Ecology in original meaning is a branch of biology in which plants and animals are studied in their relationships to each other and to the natural habitat. Plant life and animal life are seen to as an intricately complicated whole, a way of life in which each part depends on almost every other part for some aspect of its existence. Organisms in their natural habitat exist in an ongoing balance of nature, a dynamic equilibrium in which each individual must struggle to survive. Ecologists study this way of interrelationship and interdependence in an attempt to discover the forces that define the activities of each part.

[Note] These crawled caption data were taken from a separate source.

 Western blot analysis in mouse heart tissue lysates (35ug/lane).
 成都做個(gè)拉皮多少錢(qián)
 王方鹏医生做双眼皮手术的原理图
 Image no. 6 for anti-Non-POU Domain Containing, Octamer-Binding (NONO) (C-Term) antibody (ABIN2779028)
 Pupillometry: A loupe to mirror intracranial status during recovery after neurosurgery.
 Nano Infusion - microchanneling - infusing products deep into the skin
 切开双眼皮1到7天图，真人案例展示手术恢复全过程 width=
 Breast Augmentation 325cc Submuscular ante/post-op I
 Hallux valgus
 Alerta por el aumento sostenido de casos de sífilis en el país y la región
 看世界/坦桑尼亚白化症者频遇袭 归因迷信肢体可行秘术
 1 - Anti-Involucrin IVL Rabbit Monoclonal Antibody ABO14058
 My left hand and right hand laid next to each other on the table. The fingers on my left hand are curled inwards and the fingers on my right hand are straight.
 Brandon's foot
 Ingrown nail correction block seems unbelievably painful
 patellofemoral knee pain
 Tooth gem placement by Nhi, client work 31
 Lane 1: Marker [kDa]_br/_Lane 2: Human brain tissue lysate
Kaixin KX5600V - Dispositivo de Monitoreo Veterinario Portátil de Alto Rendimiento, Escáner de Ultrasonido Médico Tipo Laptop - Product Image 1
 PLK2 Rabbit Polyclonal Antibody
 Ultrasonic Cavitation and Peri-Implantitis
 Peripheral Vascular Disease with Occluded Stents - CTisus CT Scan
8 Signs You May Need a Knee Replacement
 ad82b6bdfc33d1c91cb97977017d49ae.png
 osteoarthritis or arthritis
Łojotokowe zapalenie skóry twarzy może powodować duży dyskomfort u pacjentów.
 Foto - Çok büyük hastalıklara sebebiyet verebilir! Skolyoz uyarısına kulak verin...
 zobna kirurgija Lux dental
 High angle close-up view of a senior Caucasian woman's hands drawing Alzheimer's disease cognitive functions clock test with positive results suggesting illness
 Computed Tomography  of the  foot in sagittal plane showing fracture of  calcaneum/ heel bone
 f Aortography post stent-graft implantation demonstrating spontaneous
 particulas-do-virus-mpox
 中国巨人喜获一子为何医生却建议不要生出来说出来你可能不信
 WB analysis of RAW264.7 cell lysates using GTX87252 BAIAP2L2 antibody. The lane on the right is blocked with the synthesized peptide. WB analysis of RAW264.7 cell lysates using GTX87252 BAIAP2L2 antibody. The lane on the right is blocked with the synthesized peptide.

Human communities particularly organized around a free marked economy could be seen to resemble this biotic state in nature each individual struggles for his or her survival in an interrelated, mutually depend community. The law of survival for the fittest applies here as well.
Robert Park (1968)
He proposed a parallel between the distributions of plant life in nature in societies. He viewed a city not merely as a geographic phenomenon, but as a kind of super organism that had organic unity derived from the symbiotic interrelationships of the people who lived within it. Within this super organism there were many natural areas where different people lived e.g. “china town” “little Italy” or “the black belt”.
Other natural areas included individuals in certain income or occupation of groups or industrial or business areas. Others areas were cut out of from the rest of the city by rivers, highways or unused space. A symbiotic relationship existed among people within a natural area but also among the areas outside the city. Each area played a part in the life of the city as a whole.
Through certain processes the balance of nature in a given areas might change through invasion dominance and succession such as American invasion of territory of native America, or cultural or ethnic groups taking even entire neighbourhoods by shifting into it, one after the other. These cities expand radically from their center in patterns of concentric circles each moving gradually outwards.
Burgess (1928) describes these as Concentric circles as zones. Zone 1 is the central business district; zone 2 is the area immediately around it and is the oldest section of the city. It is continuously invaded by business and industry expanding from zone 1. The houses in zone 2 are deteriorating and continue to do so. It is usually the most undesirable part of the city and therefore habituated by the poorest and recent immigrants. Zone 3 is relatively modest homes and apartment of families escaping deteriorating zone 2. Next is zone 4 which consists of residential single-family houses and expensive apartment. Beyond these limits are, the suburban areas, zone 5 which constitutes the commuter zone. Each of these zones growing and thus gradually moving outwards into the territory occupied by the next zone in a process of invasion dominance and succession.